● Work instruction
Starting from the line containing "Милая азиатка в", give again every line through the end of the entries, word for word. Pictures stay out of the copy.

● Information

== Segment start ==

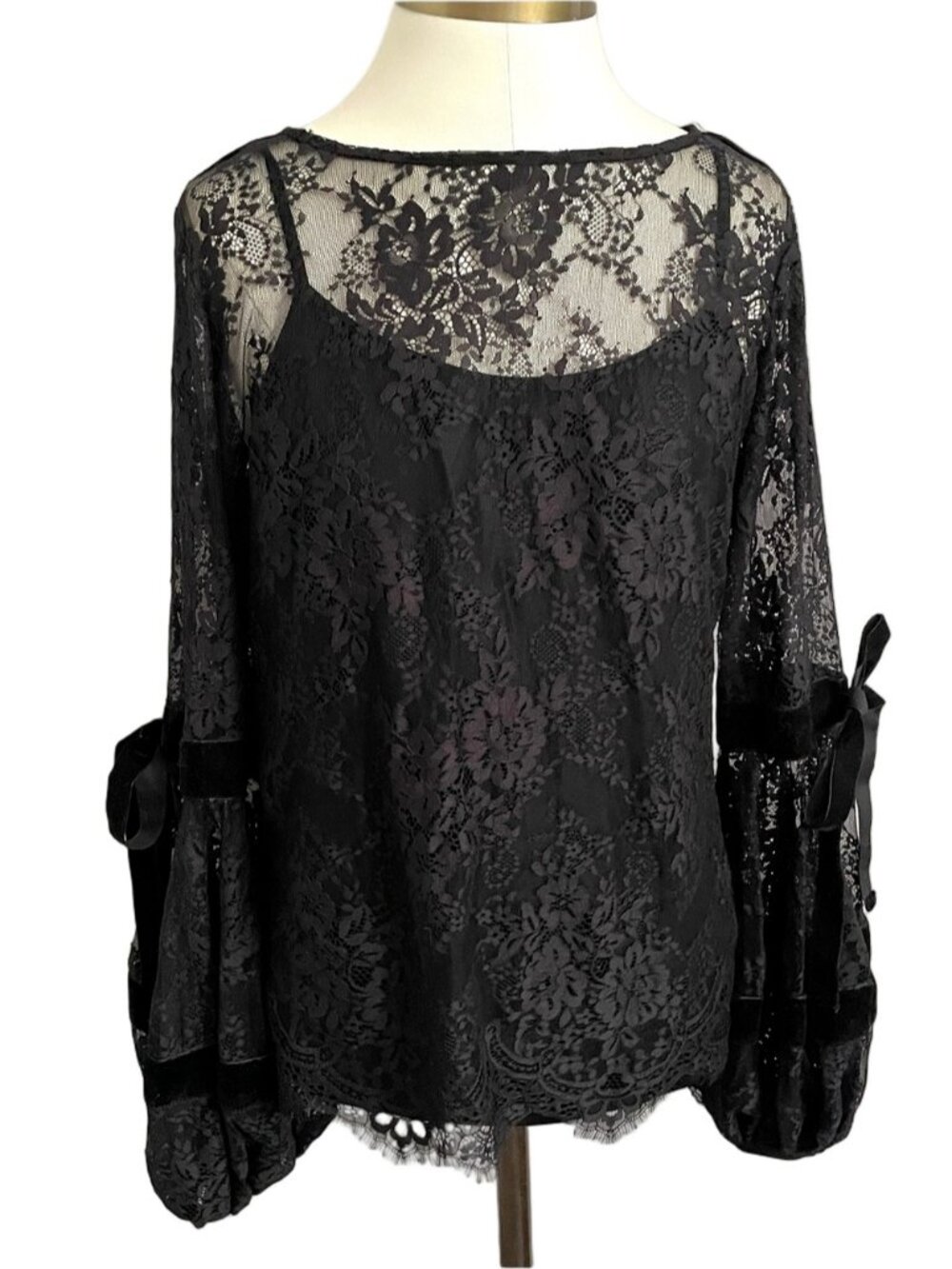 Alberto Makali Black Sheer Lace Velvet Trim Lantern Sleeve Top - Medium - Picture 2 of 15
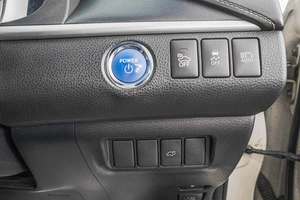 Внедорожник Toyota Harrier 2015 года, 2349000 рублей, Барнаул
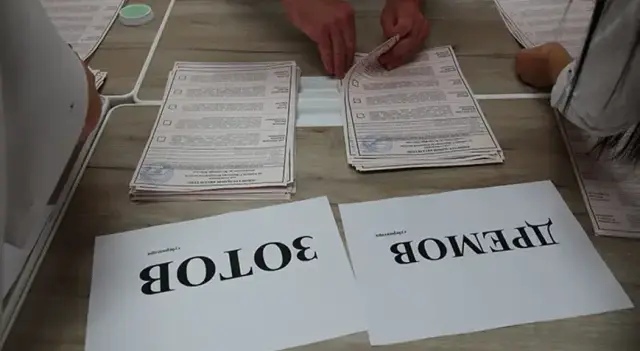 Ballot box set up in Istanbul for Russian State Duma elections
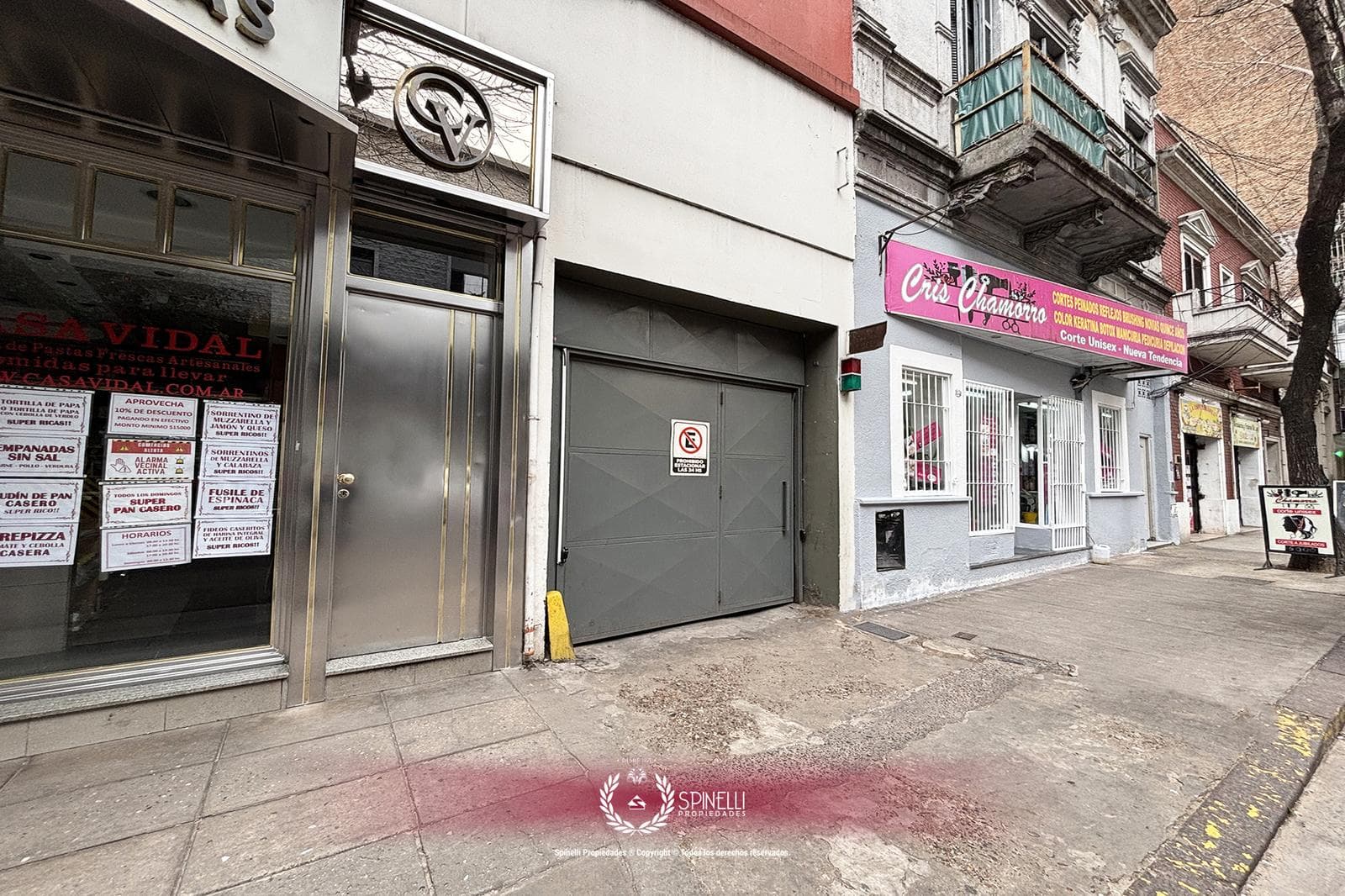 Venta cochera en San Cristóbal bajas expensas en planta baja ubicación única rentabilidad asegurada - 1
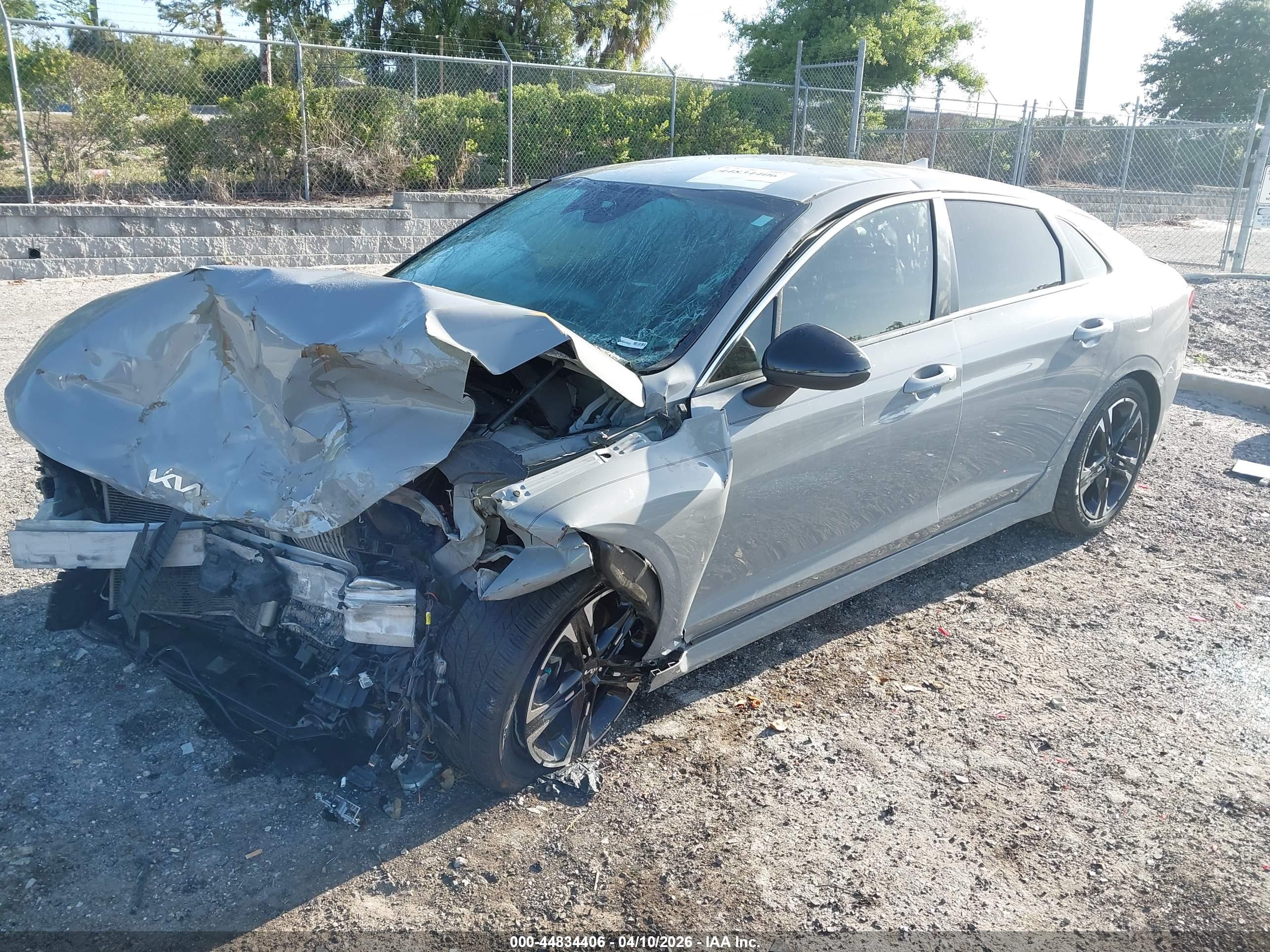 KIA K5 image 2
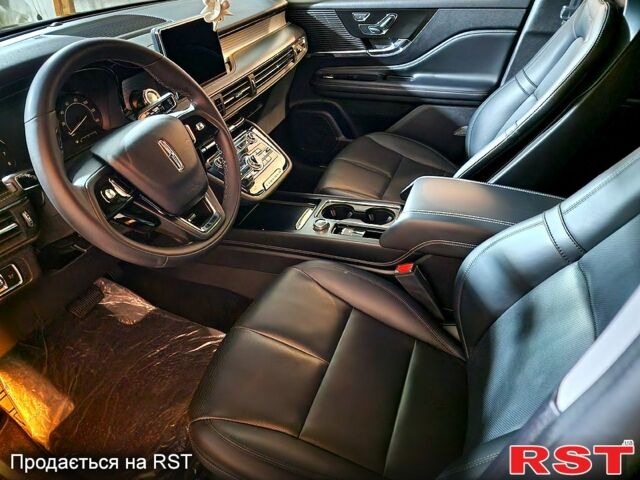 Черный Линкольн Corsair, объемом двигателя 2 л и пробегом 27 тыс. км за 23500 $, фото 6 на Automoto.ua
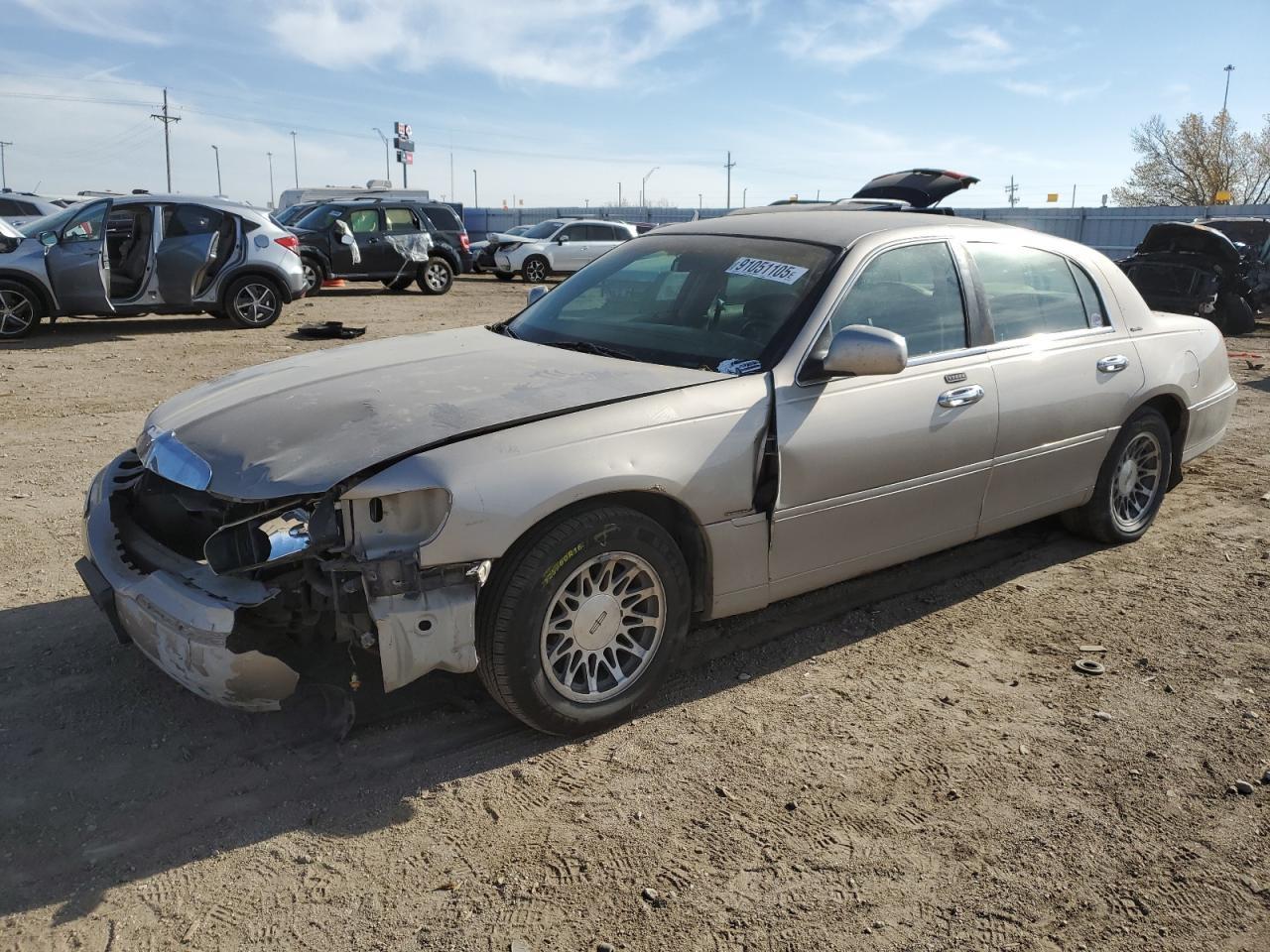 2001 LINCOLN Town Car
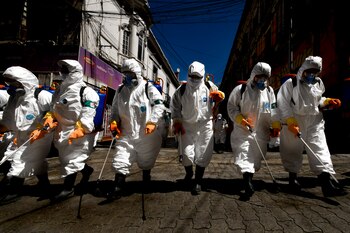 En octubre empieza la temporada de influenza y existen algunas razonables suposiciones de que podríamos tener también un repunte de COVID-19 (Foto: Europa Press)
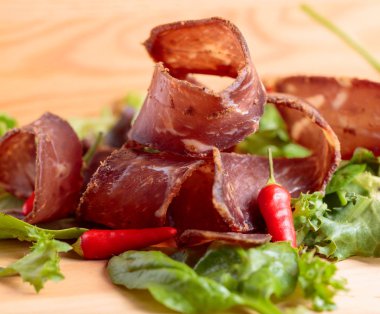 Sağlıklı kuru kurutulmuş ot ve küçük kırmızı biber ile.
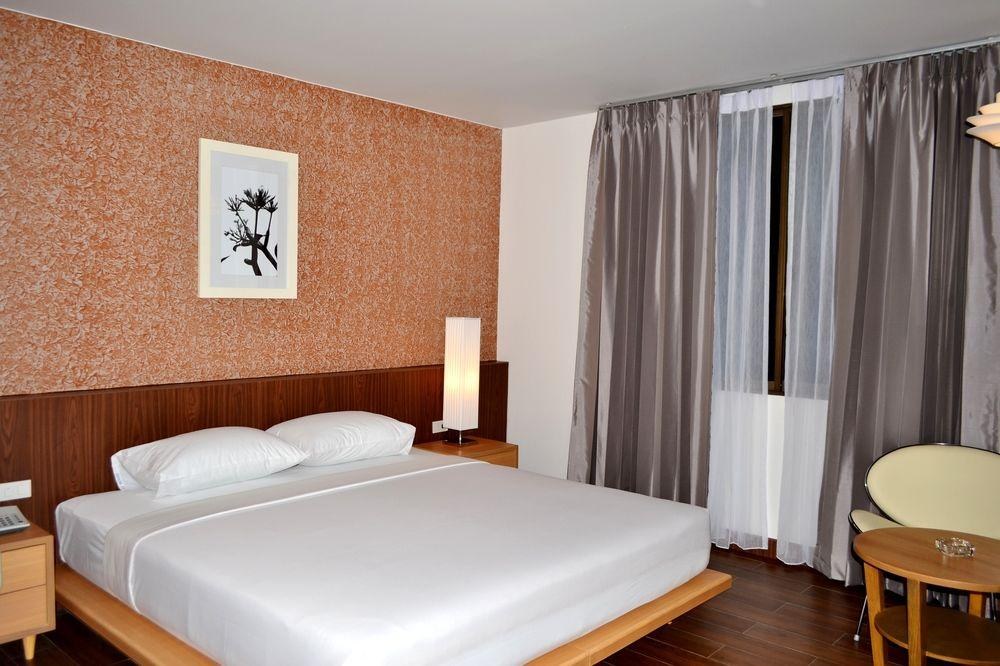 Flipper Lodge Hotel photo 3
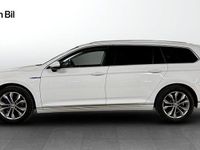 Begagnad VW Passat GTE 156 HK (114 kW) 2020 Pure white
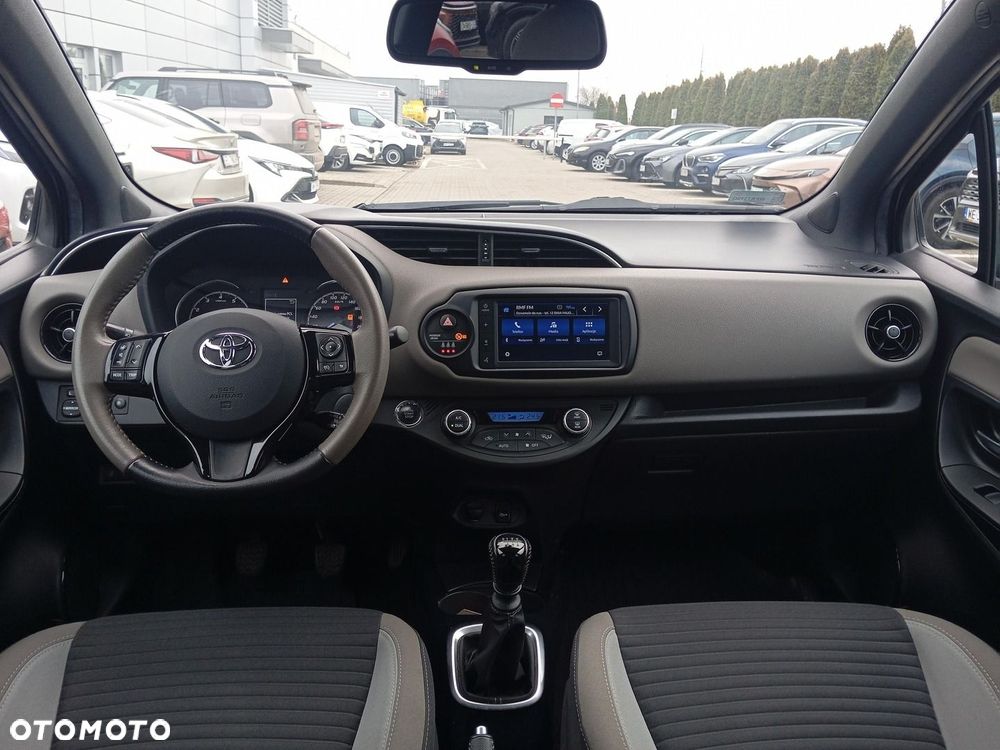 Toyota Yaris 1.5 Selection - 11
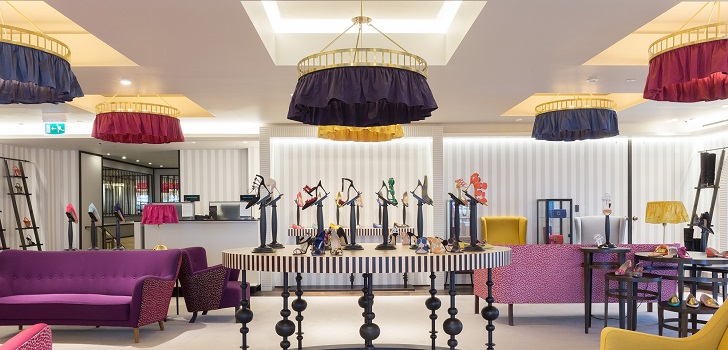 Manolo Blahnik hunde su beneficio un 18,5% por las inversiones y estanca sus ventas en 2018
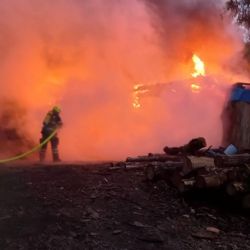 Nové Hamry: Hasiči likvidovali požár dílny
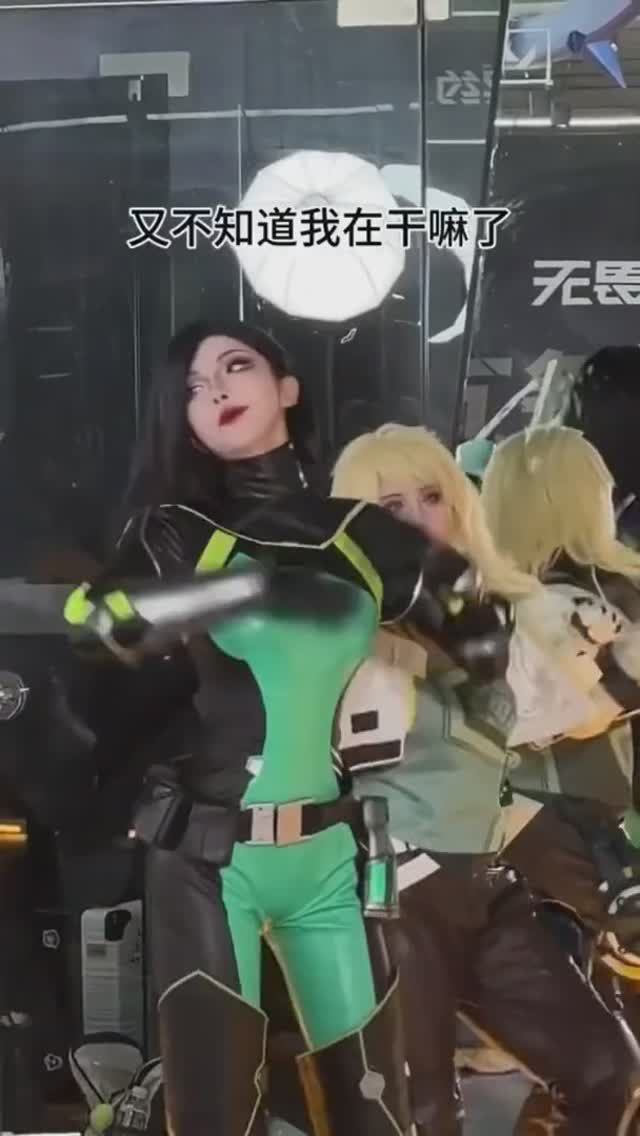 Милая азиатка в обтягивающем костюме устала танцевать смотреть онлайн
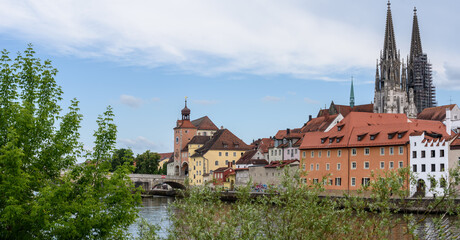 Regensburg historische, steinerne Brücke ,Dom und Brückturm im Sommer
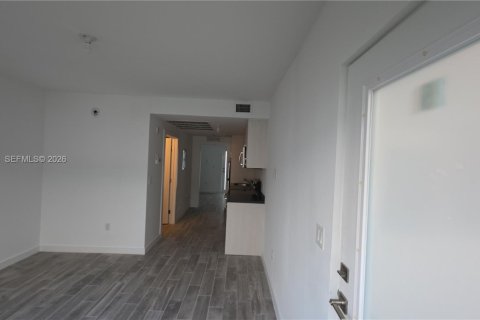 Condominio en alquiler en Miami Beach, Florida, 1 dormitorio, 39.2 m2 № 2077380 - foto 4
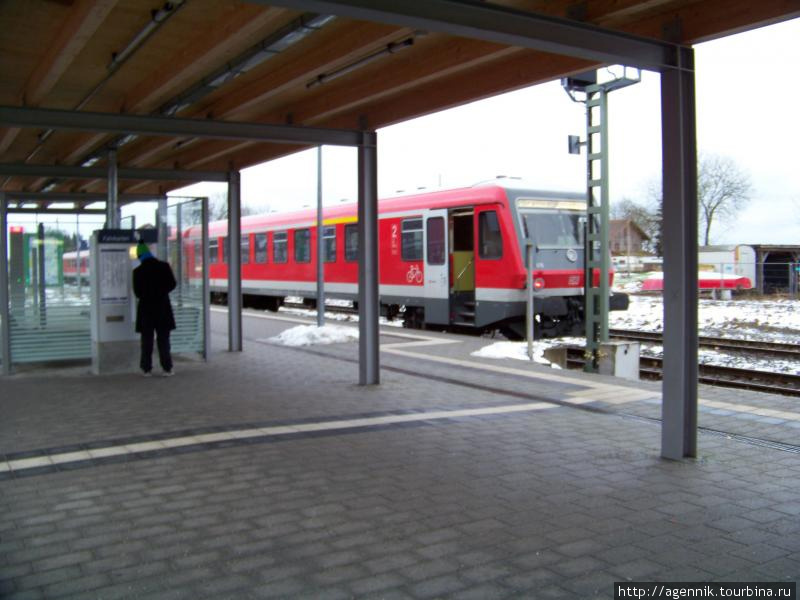 Региональный поезд на платформе Вассербурга Германия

== Segment end ==

● Answer to the problem
 Милая азиатка в обтягивающем костюме устала танцевать смотреть онлайн
 Regensburg historische, steinerne Brücke ,Dom und Brückturm im Sommer
 Condominio en alquiler en Miami Beach, Florida, 1 dormitorio, 39.2 m2 № 2077380 - foto 4
 Региональный поезд на платформе Вассербурга Германия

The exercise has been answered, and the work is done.